In some countries, which are different for their history and culture to ours, they have been able to harmonise the many voices, designing a vast polyphonic backcloth, a grand national fresco. Instead in Italy many a fence has been raised, for example by removing all that which was the experience of authors grown under the wing of fascism (Casella first and foremost) and isolating, in the post war years, those who had shown a lack of interest in Neue Musik. Nino Rota (Milan 1911 – Rome 1979), a pupil of Casella and totally estranged from the turbulences of the live neo avant-garde, worked and gained a position within such a context.

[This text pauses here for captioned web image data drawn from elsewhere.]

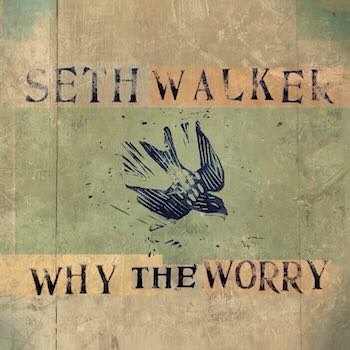 Seth Walker, Why The Worry, album cover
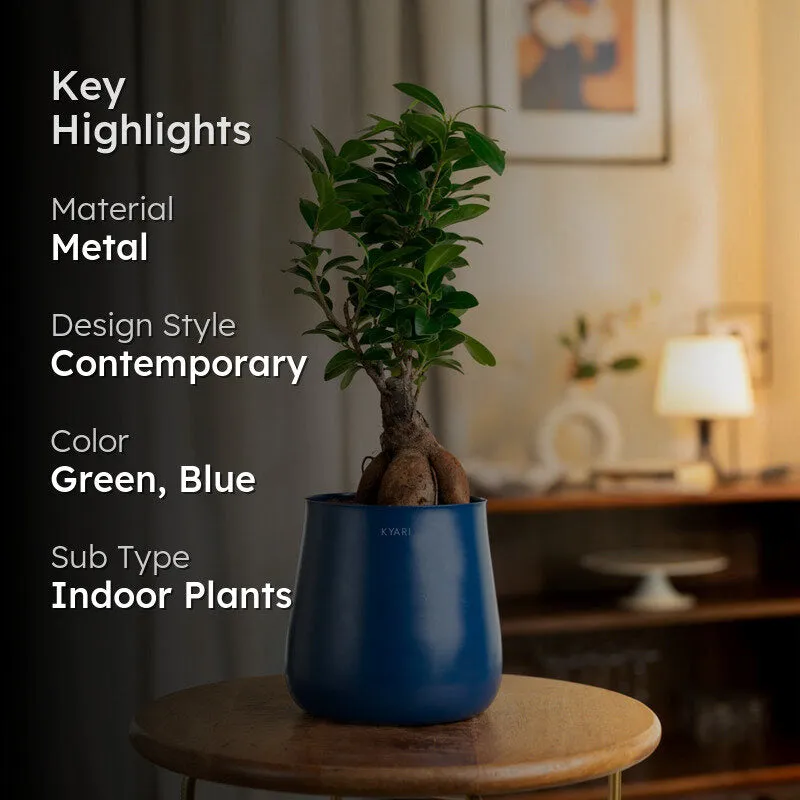 Kyari Ficus Bonsai With Metal Self Watering Pot (Blue) - 1 Foot media 2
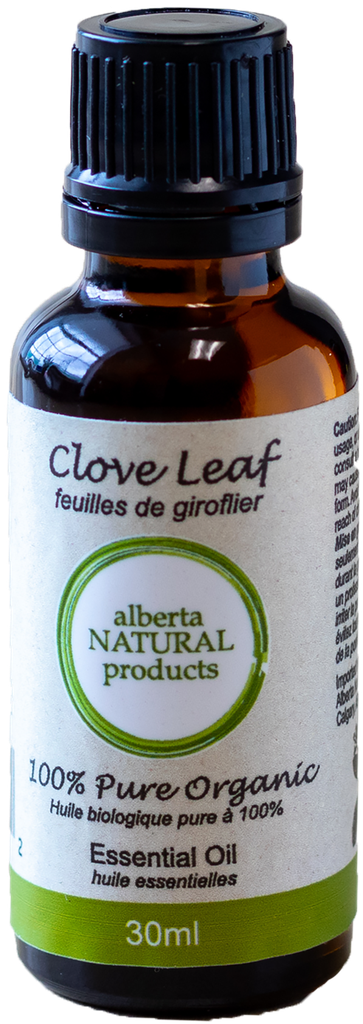 Clove Leaf Essential Oil (Wholesale)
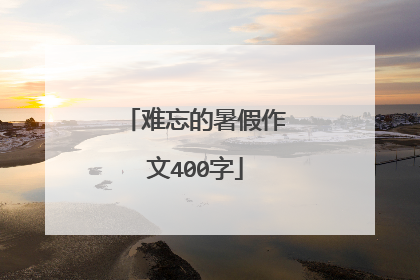 难忘的暑假作文400字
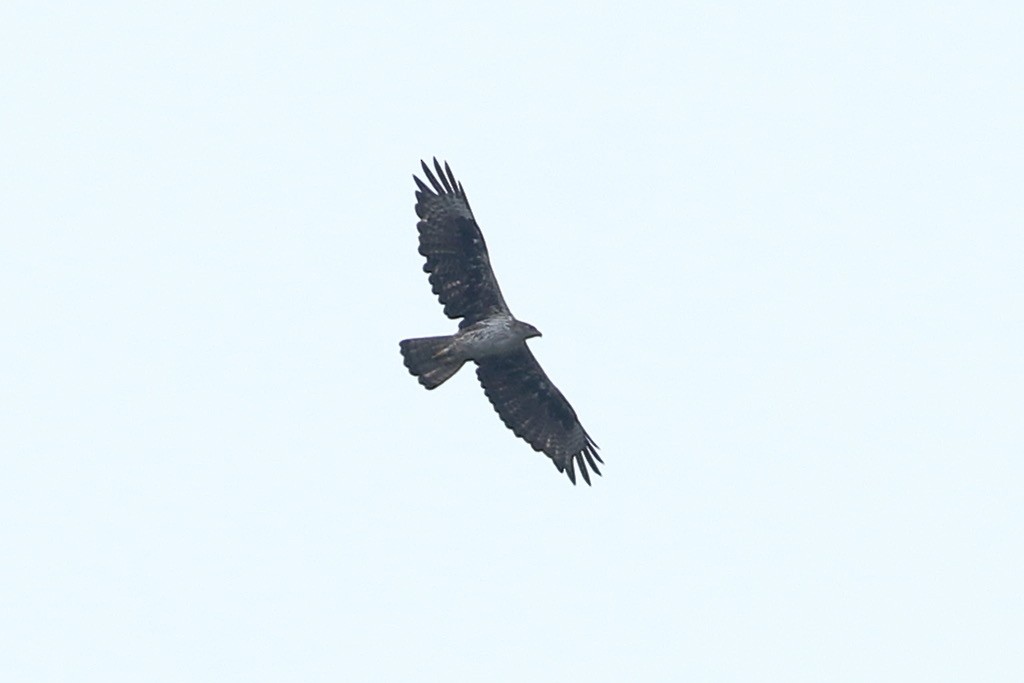 Bonelli's Eagle - ML638589413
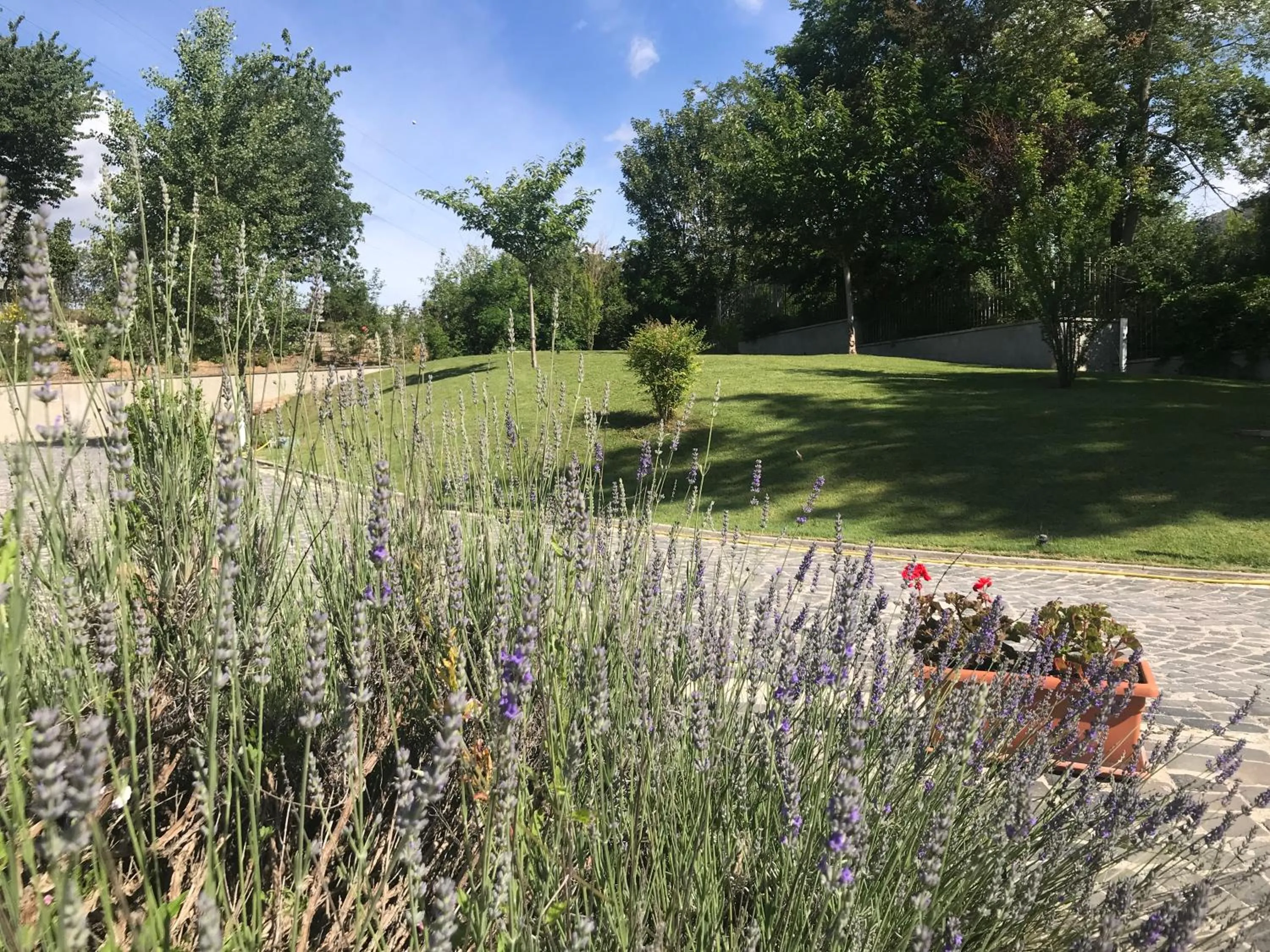 Garden in B&B Oasi Vetoio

A son and grandson of musicians, Rota began composing at the age of eight, when he was twelve he managed to have performed an oratorio for soloists, chorus and orchestra composed by him, and in later years refined his studies with Masters the calibre of Delachi, Bas (the author of the celebrated treatise on musical forms), Casella, Pizzetti, and then with Fritz Reiner in Philadelphia as orchestra director, whilst in 1937 he got a degree in letters in Milan with a thesis on Zarlino. In other words, a child prodigy but also a fully competent professional. After having taught in a couple of conservatories, in 1950 he became director of the one in Bari, where he stayed until he died. But his fame as a composer is tied, as everyone knows, to his collaboration with Federico Fellini for whose films he wrote almost all the music. It is no mere chance if, not just in Italy, the composers who have left dialogue open with traditional music, the old language of music, the classical forms, the tonality also searching for an immediate contact with the public, have found in cinema (and at times theatre, like Fiorenzo Carpi) an ideal ground in which to exploit their abilities (over an above an environment well disposed to receiving them). This explains why Italian composers of the twentieth century who in some way have a debt with Rota (Negri, Bacalov, Piovani, to quote but a few) are also the authors of concert music that is easily understood but in any case technically excellent.
Unlike Ennio Morricone, Rota did not, so to say, live as a lacerating contradiction the relationship between music for films and ‘pure’ music. Rota’s musical ideas, in effect flow without any sense of continuity from the pentagram destined to a film, to one for an opera or concert or symphony. The musical approach, let’s say the aesthetics, is the same (save for, obviously, technical requirements). Rota seems absolutely not to suffer the problems raised by a search for a compromise between modern musical research and the at times somewhat basic dominant tastes of the public. In other words, Rota was always himself; he was himself in the music he wrote for a hundred or more films (for Fellini, but also for Visconti, Monicelli, Zeffirelli, Castellani, Soldati, Eduardo De Filippo, and Coppola), as he was in orchestral compositions, in concerts and, more so than ever, in the truly copious quantity of chamber music in which, in effect, he experimented themes that he then used in music for films.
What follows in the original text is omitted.